Em Évora, com os olhos no Orçamento do Estado. De 2020 e dos próximos anos, porque os problemas do distrito alentejano assim como os do país são “estruturais” e precisam de dinheiro, trabalho, empenho e vontade política. É esta a postura dos deputados do PCP, que nesta quinta e sexta-feiras fazem as primeiras jornadas parlamentares da legislatura em Évora, distrito que há 12 anos não recebia este evento dos comunistas.

Para o PCP, está tudo ali: a falta de investimento público nos transportes (ferrovia e rodovia), nos hospitais, nas escolas, nas forças de segurança e protecção civil; a desertificação das aldeias, os idosos que ficam sozinhos, a falta de apoios para as jovens famílias; a agricultura cada vez mais virada para o olival e amendoal intensivos, que sugam a água do Alqueva que ainda não chega em condições ao abastecimento público, e a indústria da pedra abandonada.

A pouco mais de uma semana da proposta do Governo para o OE2020 entrar na Assembleia da República, o líder parlamentar do PCP recusa fazer “prognósticos antes do fim do jogo”. Segue o discurso de Jerónimo de Sousa: “Agiremos com total independência e liberdade, como nos últimos anos”, responde, quando se lhe pergunta se o partido está agora mais à vontade.

Se com a “geringonça” o PS precisava dos votos favoráveis de BE e PCP, agora só precisa de um deles – ou da abstenção dos dois. Abstenção foi um sentido de voto que o PCP nunca usou em orçamentos, lembra João Oliveira, que garante que o sentido de voto dos bloquistas não irá “nunca” condicionar o seu.

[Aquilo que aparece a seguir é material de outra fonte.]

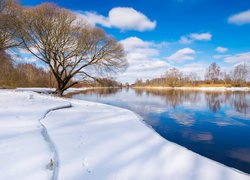 Zima, Drzewa, Rzeka, Emajogi River, Prowincja Tartu, Estonia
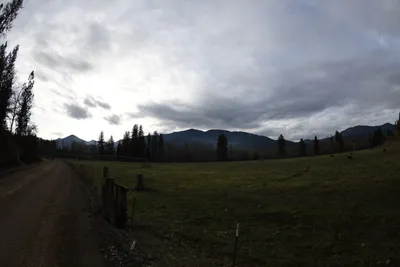 DSC_0052 (Large).JPG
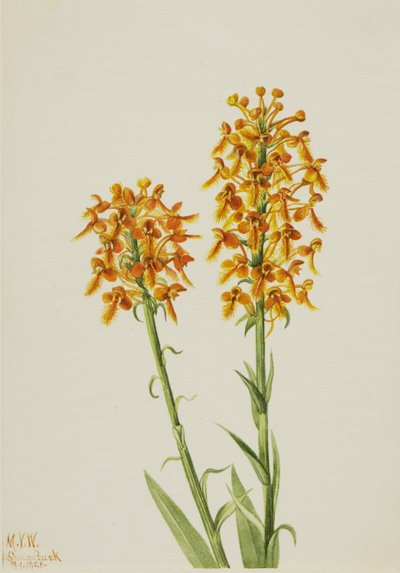 Orquídea de flecos amarillos (Habenaria ciliaris) de Mary Vaux Walcott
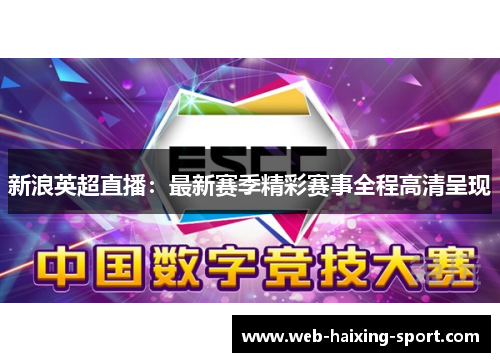 新浪英超直播：最新赛季精彩赛事全程高清呈现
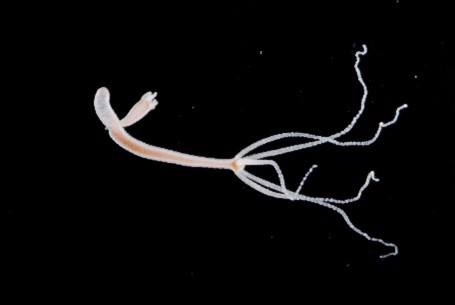 Hydra magnipapillata, with a wormlike body and multiple tails.
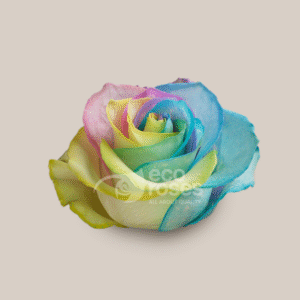Mondial Pastel Rainbow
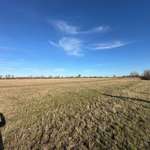 Hundeauslaufgebiet-Elbwiesen-Bild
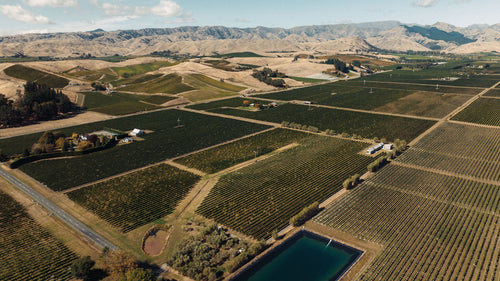 Axehouse Vineyard Gruner Veltliner 2024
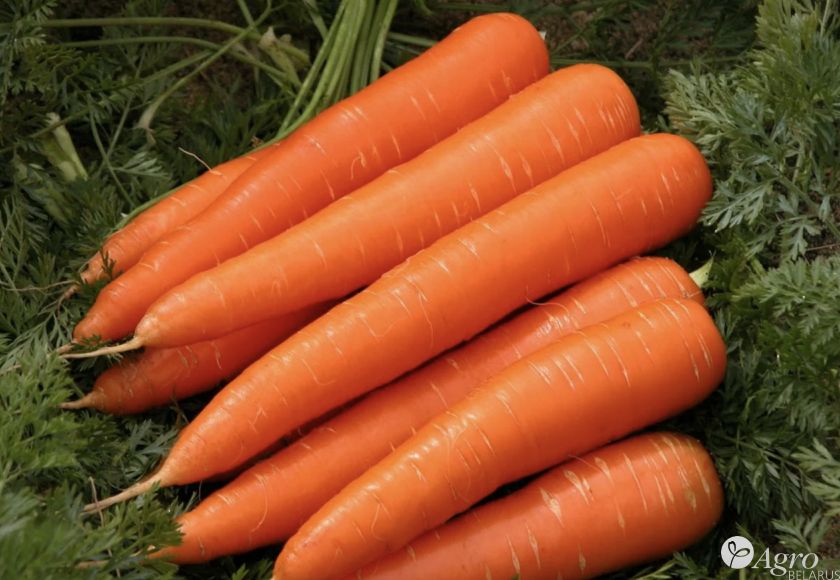 Морковь Флам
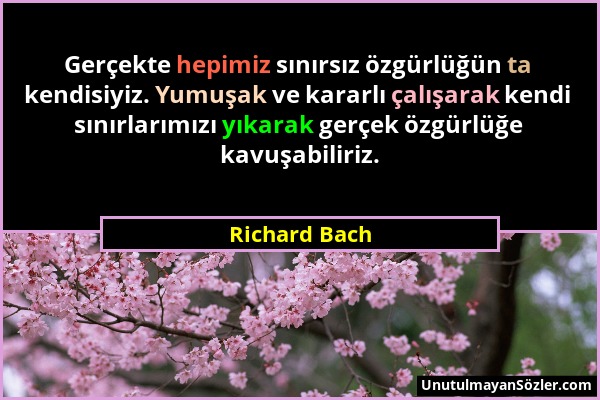 Richard Bach - Gerçekte hepimiz sınırsız özgürlüğün ta kendisiyiz. Yumuşak ve kararlı çalışarak kendi sınırlarımızı yıkarak gerçek özgürlüğe kavuşabil...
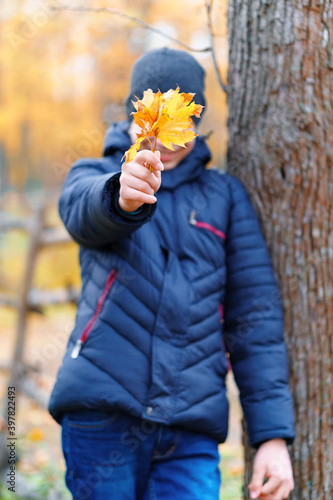 a boy posing near wooden fence and enjoys autumn in city park  beautiful nature with yellow leaves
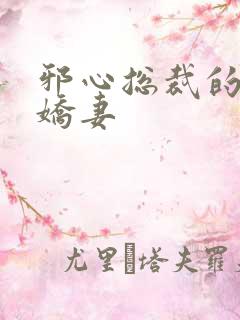 邪心总裁的纯情娇妻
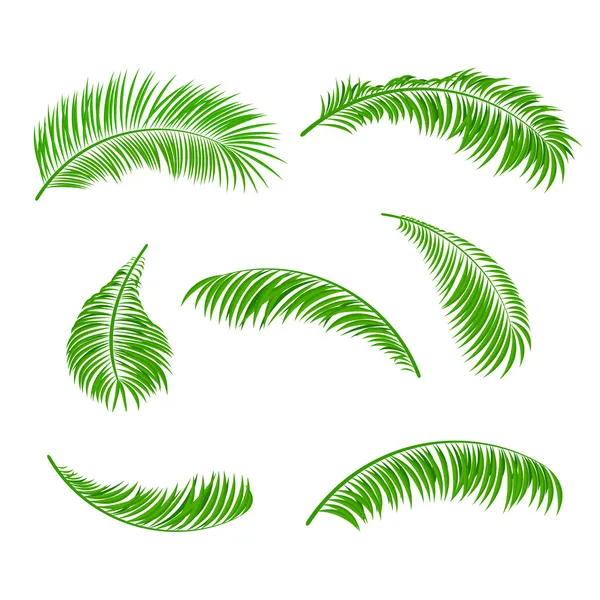 Hojas de palmera — Vector de stock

Da direita, mais concretamente o PSD, parece haver já apoio ao Bloco, PCP e PEV para fazer baixar o IVA da electricidade de 23% para 6%, mas João Oliveira desconfia. Lembra que a 5 de Julho, quando a Assembleia da República votou uma proposta de lei do parlamento madeirense (que este tinha aprovado por unanimidade), o PSD e o CDS abstiveram-se, permitindo que o voto contra do PS chumbasse a inclusão da electricidade nos serviços com taxa reduzida do IVA. Nessa mesma tarde, Rui Rio apresentava, no Porto, um pacote de propostas para as finanças públicas que previam uma redução da carga fiscal de 3,7 mil milhões de euros incluindo a redução do IVA da electricidade para 6%.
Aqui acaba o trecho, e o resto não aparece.